SCREENED VIA THE 2020 FANTASIA INTERNATIONAL FILM FESTIVAL: Most moviegoers don't see that many movies like "Hunted", but if you go to genre festivals or spend a lot of time digging through your favorite streaming services to find the new selections, it gets categorized: Survival horror, nature, woman on the run, etc. What makes one of those stand out? A couple good performances. Some visual style. And a willingness to go kind of crazy at the point where the audience might be expecting the filmmakers to coast.

It starts in familiar-enough fashion - a fairy tale allusion, a woman frustrated at work who goes out to a bar to blow off some steam, and a guy who initially seems nice enough but shows his true colors quickly. Soon enough Eve (Lucie Debay) is stuffed in a trunk, but able to flee her kidnappers (Arieh Worthalter & Ciaran O'Brien) thanks to a freak accident. They are never that far behind, though the woods are full of surprises.

Writer/director Vincent Paronnaud is likely best-known internationally as Marjane Satrapi's collaborator on the film version of Persepolis, and he's spent much of the rest of his career in comics and animation, so it's not exactly a surprise when the bit before the opening title includes a nifty bit of animation that is nevertheless well-enough matched to the rest of the movie that it doesn't feel like it doesn't belong. It's quickly contrasted with a moment or two of grainy-video shot in less than great lighting, and that's a bit of a preview of what's going to happen throughout the movie: Every time Eve is able to put a little bit of distance between herself and her pursuers, the forest scene takes on a bit of a fairy-tale quality, albeit as much Grimm as Disney, while there's a flatness to the guys' scenes, maybe a slight washing-out, like they're living in the violent constructed fantasy meant to be captured on camera.

The violent nature of that means Lucie Debay is going to be spending a lot of the movie running, being afraid, and looking more worn-down as things go on, which could be fairly thankless, but she never gives a half-effort, especially considering that Paronnaud and co-writer Léa Pernollet have her start from a place of having a chip on her shoulder from people wanting the impossible at work rather than having her ever be surprised that any man can be like this. It is fun to see her suddenly redirect all of that into rage when she gets her hands on a nice, solid stick to swing, though, and I also want to compliment the hairstylists who give her a cut that lets her catch the camera's eye in early scenes, tagging her as confident and savvy, but degrades exceptionally well over the course of the film.

Opposite her, Arieh Worthalter seems to be having a lot more fun, doing a great turn from gallant to downright nasty without it being a showy mask-drop, and then happily chewing the scenery for the rest of the film because his guy (credited as just "The Guy") is just completely unhinged. For much of the film, he's given Ciaran O'Brien as a sidekick to abuse, and while his part is less showy, he does a good job of playing the put-upon beta without ever becoming more than nominally sympathetic.
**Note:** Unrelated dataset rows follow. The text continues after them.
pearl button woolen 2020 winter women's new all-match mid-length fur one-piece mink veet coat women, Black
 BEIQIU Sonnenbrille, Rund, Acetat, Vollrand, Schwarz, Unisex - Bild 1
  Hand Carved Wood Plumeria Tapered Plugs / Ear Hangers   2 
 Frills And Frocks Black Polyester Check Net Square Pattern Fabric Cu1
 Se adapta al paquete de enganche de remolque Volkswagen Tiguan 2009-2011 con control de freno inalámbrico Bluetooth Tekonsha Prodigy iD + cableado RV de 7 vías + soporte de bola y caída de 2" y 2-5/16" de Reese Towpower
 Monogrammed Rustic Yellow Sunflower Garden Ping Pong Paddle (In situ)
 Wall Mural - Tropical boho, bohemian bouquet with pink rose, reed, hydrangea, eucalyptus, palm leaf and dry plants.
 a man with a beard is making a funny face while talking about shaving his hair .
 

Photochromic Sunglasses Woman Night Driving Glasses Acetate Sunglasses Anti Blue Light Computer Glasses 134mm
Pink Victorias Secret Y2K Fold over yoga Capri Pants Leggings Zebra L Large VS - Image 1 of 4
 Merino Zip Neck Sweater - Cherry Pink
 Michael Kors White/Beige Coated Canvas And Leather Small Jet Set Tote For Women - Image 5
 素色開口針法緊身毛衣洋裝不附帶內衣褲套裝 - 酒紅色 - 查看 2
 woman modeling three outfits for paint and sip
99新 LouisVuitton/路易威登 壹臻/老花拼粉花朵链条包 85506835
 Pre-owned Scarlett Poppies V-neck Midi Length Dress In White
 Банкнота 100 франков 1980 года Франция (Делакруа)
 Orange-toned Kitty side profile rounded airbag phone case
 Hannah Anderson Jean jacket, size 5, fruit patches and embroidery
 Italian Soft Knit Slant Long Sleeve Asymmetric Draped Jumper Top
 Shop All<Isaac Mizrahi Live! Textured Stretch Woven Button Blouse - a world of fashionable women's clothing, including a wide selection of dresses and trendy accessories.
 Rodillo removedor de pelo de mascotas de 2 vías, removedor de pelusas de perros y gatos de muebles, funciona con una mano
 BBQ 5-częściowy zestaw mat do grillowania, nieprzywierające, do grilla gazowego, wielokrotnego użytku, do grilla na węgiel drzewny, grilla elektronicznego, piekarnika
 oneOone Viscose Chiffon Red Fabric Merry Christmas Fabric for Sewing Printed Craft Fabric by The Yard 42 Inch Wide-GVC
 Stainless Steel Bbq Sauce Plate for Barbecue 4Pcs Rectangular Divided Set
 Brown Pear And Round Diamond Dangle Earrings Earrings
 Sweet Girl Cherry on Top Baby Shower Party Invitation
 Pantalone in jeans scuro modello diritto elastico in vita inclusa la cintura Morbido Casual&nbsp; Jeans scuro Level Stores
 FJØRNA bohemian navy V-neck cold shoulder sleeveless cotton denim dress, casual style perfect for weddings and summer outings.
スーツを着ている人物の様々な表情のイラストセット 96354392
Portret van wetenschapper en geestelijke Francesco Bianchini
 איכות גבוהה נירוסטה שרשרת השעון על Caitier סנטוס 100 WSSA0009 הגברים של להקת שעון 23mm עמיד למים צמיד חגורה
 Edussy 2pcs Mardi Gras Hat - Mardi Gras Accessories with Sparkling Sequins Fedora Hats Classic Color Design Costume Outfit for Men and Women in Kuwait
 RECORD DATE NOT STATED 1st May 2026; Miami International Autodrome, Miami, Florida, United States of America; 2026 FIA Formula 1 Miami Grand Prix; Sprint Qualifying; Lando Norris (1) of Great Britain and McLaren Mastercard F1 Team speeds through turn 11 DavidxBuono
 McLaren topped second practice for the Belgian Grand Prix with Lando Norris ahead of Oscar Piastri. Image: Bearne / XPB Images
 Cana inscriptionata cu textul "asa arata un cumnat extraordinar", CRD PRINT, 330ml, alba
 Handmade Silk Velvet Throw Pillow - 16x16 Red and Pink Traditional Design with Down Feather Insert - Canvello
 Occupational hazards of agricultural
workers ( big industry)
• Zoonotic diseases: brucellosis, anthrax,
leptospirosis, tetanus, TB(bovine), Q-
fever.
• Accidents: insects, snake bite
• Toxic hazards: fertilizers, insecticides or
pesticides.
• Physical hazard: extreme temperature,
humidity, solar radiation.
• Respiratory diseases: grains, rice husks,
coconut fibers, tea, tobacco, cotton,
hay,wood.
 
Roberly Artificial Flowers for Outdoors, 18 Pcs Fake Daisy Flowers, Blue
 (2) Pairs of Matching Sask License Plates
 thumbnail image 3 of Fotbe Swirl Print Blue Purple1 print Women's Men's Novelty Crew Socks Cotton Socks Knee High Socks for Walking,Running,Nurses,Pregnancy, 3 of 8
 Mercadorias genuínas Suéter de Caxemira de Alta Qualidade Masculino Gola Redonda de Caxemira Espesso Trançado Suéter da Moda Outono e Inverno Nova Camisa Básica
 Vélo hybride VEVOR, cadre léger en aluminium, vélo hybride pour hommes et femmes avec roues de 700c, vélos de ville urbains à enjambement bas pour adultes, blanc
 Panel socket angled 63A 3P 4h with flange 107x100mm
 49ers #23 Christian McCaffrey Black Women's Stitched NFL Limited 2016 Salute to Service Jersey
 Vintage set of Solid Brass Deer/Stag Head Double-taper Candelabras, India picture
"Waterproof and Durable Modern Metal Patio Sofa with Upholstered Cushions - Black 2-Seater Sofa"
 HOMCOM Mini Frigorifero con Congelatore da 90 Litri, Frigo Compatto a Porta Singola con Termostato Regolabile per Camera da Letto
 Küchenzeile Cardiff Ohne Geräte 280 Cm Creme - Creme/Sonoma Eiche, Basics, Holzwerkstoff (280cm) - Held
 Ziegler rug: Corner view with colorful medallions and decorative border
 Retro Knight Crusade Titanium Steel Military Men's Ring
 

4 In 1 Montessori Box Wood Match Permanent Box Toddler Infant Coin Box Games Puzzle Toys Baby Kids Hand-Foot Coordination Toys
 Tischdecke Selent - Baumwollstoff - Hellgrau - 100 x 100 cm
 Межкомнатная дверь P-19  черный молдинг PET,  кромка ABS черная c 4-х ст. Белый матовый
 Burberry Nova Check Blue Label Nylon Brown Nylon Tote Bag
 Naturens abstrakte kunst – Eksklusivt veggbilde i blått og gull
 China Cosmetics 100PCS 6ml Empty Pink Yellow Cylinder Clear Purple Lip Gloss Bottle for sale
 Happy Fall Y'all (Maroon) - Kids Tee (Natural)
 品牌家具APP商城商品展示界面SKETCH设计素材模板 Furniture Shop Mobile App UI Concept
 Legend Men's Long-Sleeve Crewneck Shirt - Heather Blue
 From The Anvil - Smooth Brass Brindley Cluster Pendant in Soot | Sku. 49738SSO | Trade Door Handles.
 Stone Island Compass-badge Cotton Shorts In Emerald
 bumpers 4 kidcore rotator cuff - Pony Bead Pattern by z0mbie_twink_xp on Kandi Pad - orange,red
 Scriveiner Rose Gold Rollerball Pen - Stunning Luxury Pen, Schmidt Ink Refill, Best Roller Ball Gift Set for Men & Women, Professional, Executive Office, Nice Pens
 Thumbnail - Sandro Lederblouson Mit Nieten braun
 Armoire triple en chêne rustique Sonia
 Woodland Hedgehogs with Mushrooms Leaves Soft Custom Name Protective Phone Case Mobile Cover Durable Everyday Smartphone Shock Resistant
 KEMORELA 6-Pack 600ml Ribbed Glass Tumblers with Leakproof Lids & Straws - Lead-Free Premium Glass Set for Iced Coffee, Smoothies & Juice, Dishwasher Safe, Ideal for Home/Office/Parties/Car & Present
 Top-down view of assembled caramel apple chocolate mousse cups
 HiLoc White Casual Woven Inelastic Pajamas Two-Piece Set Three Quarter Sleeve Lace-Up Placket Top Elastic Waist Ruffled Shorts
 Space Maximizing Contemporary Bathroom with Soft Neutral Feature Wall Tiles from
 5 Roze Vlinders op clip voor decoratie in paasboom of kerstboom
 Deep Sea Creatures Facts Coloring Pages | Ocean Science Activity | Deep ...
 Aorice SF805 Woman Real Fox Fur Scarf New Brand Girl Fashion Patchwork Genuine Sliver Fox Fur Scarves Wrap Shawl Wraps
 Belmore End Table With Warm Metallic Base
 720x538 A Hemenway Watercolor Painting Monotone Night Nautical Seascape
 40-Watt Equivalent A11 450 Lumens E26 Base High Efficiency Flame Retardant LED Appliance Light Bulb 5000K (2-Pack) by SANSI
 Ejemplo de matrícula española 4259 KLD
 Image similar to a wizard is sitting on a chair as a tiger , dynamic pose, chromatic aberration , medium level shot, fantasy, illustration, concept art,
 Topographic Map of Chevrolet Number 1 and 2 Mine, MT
His job is to give Worthalter's guy an audience to perform to and otherwise remind the audience about this man's need to dominate even when Eve is far off, but it's a pairing that works.

It plays into a tiny scene that demonstrates how Paronnaud is bringing a little something extra in terms of skill to this bit of VOD fodder, as Worthalter opens a candy bar and casually chucks the wrapper into a nearby stream. The camera tracks it a bit until it passes Eve, and in that moment the audience gets a little more on edge, because the way that shot works establishes that she is moving toward her would-be rapists, rather than away. But it also seems calculated to anger even a jaded viewer who has watched hundreds of these chases, because the guy is freakin' littering. It's silly, but the different form of callousness of it works. There's another bit later when the filmmakers start messing around with things happening out of order, and it feels fair because there's a bit of a warning in it, and it also makes a natural lead-in to how crazy the last act will get.

Which is impressive, because for all that stuff like that candy wrapper was making the film feel fairly tight, the homestretch has at least three crazy things that come out of nowhere and send the chase off in a new direction, often in such an absurd way as to elicit a cackle or a delighted "what!?" It's an impressively go-for-broke set of bits that works because Paronnaud hasn't entirely forgotten what got him there in terms of style or essentially being Eve fighting the guy in an uncertain environment. He's willing to pick up and drop those bits of randomness fast enough that the film doesn't get overloaded on the way to maybe, sort of, coming full circle, and while it really shouldn't work - films which drop what had been a good tense thing for an hour to do something else entirely with the finale are usually misfires - but does.

Though made in Belgium with a broadly European cast, it's shot in English, likely because the producers knew that would be good for sales to the streaming services where this will inevitably find long-term homes. I am rather looking forward to the waves of tweets that will come from people stumbling upon it, expecting a generic 85-minute time-waster, and instead getting something where the filmmakers put in the effort to make something memorable and entertaining from start to end.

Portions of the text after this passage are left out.